After it was all over, but before the fat lady sang the grades, this question was posted on the forum site:
Did the top students find the questions ambiguous?Well. I managed to eek out a 96.5% (thanks to a reversal of answer fortune on one of the so-called ambiguous final questions where "they" gave in and accepted both answers as correct). This only put me in the top 25% of the class(!!?). Tough crowd. Here is my reply to the above. (It attracted not a single discussion comment nor have I seen it displayed in the blurbs for subsequent classes):
This forum keeps talking about the ambiguous questions. Perhaps we should be asking “ambiguous to whom?” My hunch is that the top students didn’t find the questions ambiguous, although I could be wrong. To test my hypothesis, perhaps Irvin and the Profs could give some data to work with, and we could (or they could) test this statistically.
Define a “top student” as a student who achieved say 90% or more on the mid-term (or mid-term + homeworks perhaps). Then look at how many got the “ambiguous” questions correct before the alternate solutions were accepted, vs. the non-top-students. If my hunch is right, it will be the non-top-students who found the questions ambiguous, which tells its own story.
It will also mean that the top-students’ rank overall won’t change too much from the introduction of the alternate solutions, as it will lift all those who got say 80% or less to say 85%. The ranking of students up above 90% won’t change a great deal.
Just a hunch.
I too (believe that I) am in the 90%. I found many ambiguities in the lectures, homework, and exams. And I found each one very annoying because I felt I was being graded on how well I could guess what the professors really meant (why I cared about a grade is still a bit beyond me...). My general feeling is that grad students should have taught this course because they are closer to the assumptions being made, senior researchers are bound to "forget" that, e.g., their definitions of Stochastic or Partially Observable are built up over many years of experience. From the beginning certain things were not clearly defined, vis "Rationality" which was only mentioned in the summary of the first video lesson.
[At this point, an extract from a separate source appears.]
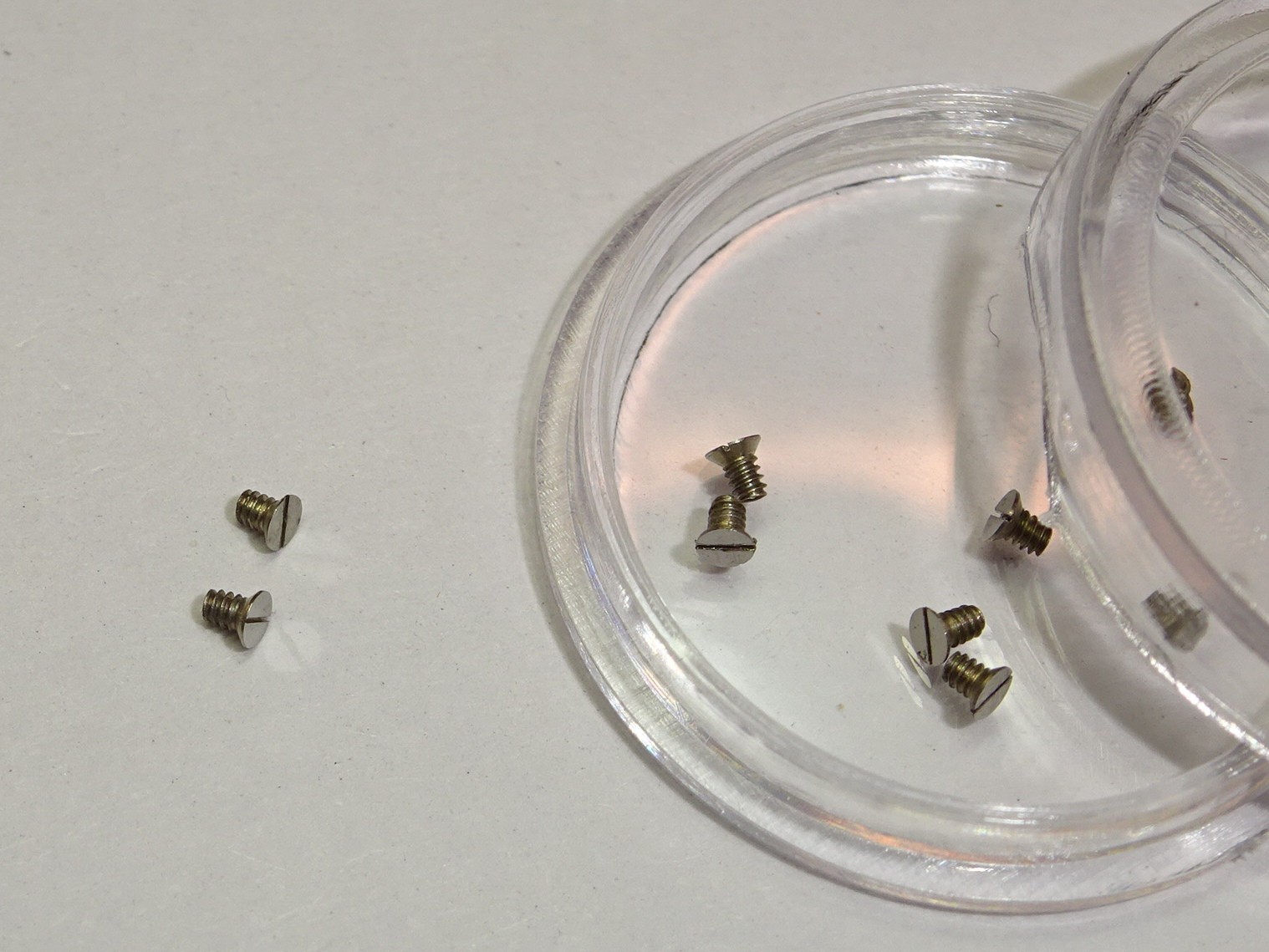 Landeron setting lever spring screw cal. 48 51 55 148 149 151 189 248 / part 5445 (set of 2 screws)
My biggest problem with this course was the inability to get answers to questions from definitive sources. First there was no real forum to ask them, and then when aiqus came on line, almost every question went unanswered because it related to open homework or exam questions. I finally realized that there is no point in taking a class where I cannot ask questions and am unlikely to take another online course because of that.
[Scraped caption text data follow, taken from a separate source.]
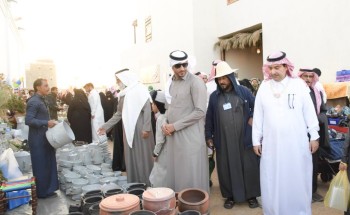 الأمير تركي بن محمد يتجول في قرية جازان بالجنادرية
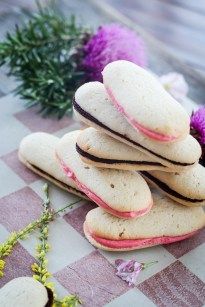 Milano Copycat Cookies - Welcome 2 Our Table Milano Cookie Recipe, Milano Cookie, Copycat Cookies, Wafer Cookie, Milano Cookies, Fancy Restaurants, Pepperidge Farm, Raspberry Filling, Wafer Cookies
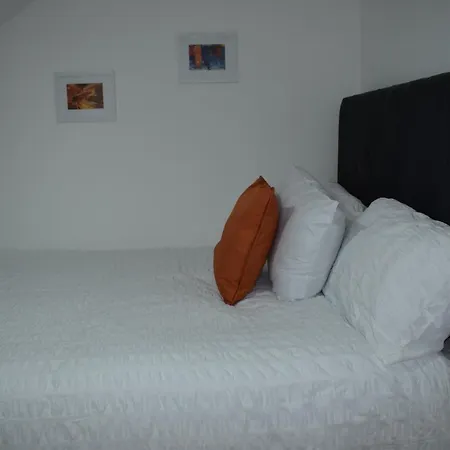 Forest Gate Haven Apartment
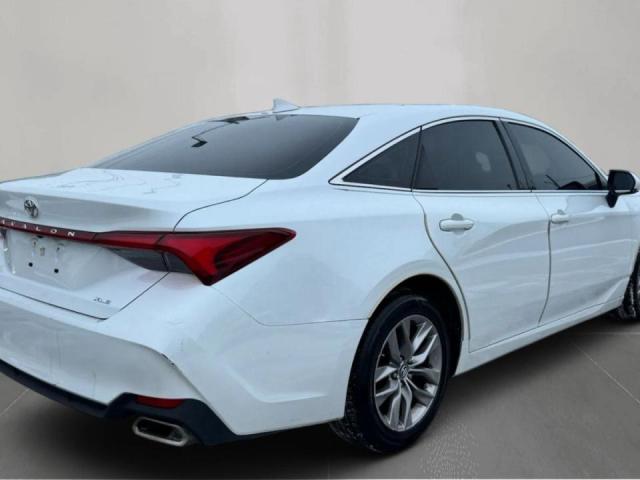Toyota Avalon Xle Image 7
As an example, I got on the wrong track with Particle Filters early on and it was only by dint of repeated reading and listening that I stumbled on the right one. And the only way I knew that I had finally gotten close was that I got the exam questions right. A TA in a study group would have been able to correct my tangent in about 5 seconds...
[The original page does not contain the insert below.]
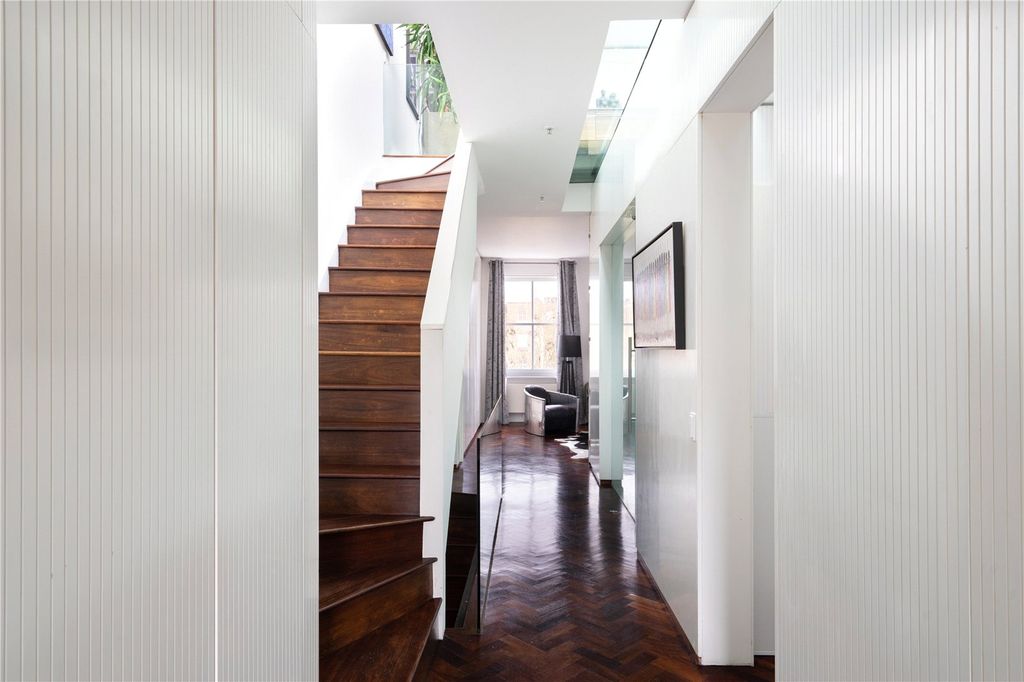 Property photo 3 of 13 Picture No. 12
The chief thing I learned in the class was that I am not very interested in Artificial Intelligence. I discovered that there are sister fields, Computational Intelligence for one, that are more in line with my interests but each has an academic rivalry that keeps them distinct. For instance, there were a couple references to RA Brooks early robotics work (in the book -- I forget if it came up in the videos), especially the 1991 paper "Intelligence Without Representation", which were somewhat dismissive -- because it seems that our professors are still more aligned with the symbolic AI school of thought.
Perhaps if this class had been a survey of the broader field rather than a (kind of) detailed study of specific techniques I would have found it less frustrating. One of my friends who was auditing the class said: There's a bunch of "Oh, that's how they do that" moments but it's missing the big picture.